This text is an attempt to offer a reading of Incendies, a 2010 Canadian film written and directed by Denis Villeneuve, adapted from Wajdi Mouawad's play of the same name in the light of Lyotard’s notion of infantia. From this perspective, we can make a distinction between childhood as a temporal human stage, and infantia as an atemporal human condition: infantia may be described as the difference between what can and can not be said--the unsayable, something lost that inhabits, imperceptibly, the speakable as its shadow, its reminder, an unspoken that works as a condition of possibility in order that something meaningful could be said.

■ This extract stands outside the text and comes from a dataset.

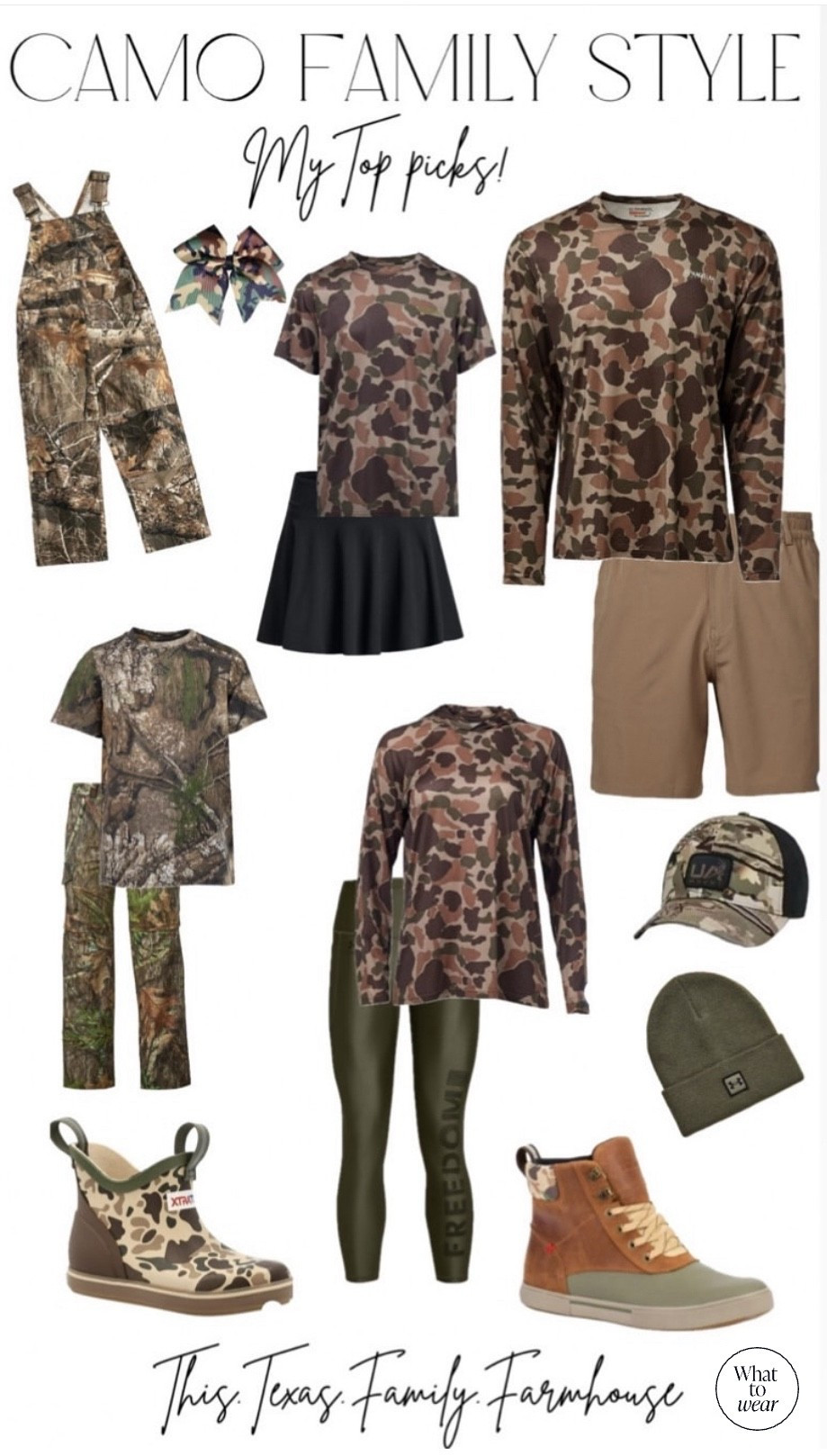Re-sharing one of my top-loved style boards from last year — Camo Family Style! 🍂 …..Perfect for family outings, fall photos, or weekend wear.

Linked everything that’s still available — I’ll drop the updated links in the comments 💚

#LTKKids #LTKFamily #LTKMens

As such it is a form of the inhuman, opposed to the other form of the inhuman, called "development,” “competition," "representative democracy," "the market," "free world," or simply “capitalism.” Lyotard affirms that the political task of literature and art is to remember the former inhuman, the one that each human soul carries by the fact of having been born from a forced need to abandon its condition of indeterminacy. “Political,” for Lyotard, is the resistance to the inhumanity of the capitalist order by means of remembering the inhuman from which every order emerges. This is the aesthetic and political strength of Incendies: to present to us, through its heroine, “the woman who sings,” an appeal to remember the silenced inhuman from which we come, and which our social life has made us forget.

Keywords : Infantia; J.-F. Lyotard; Inhuman; Incendies.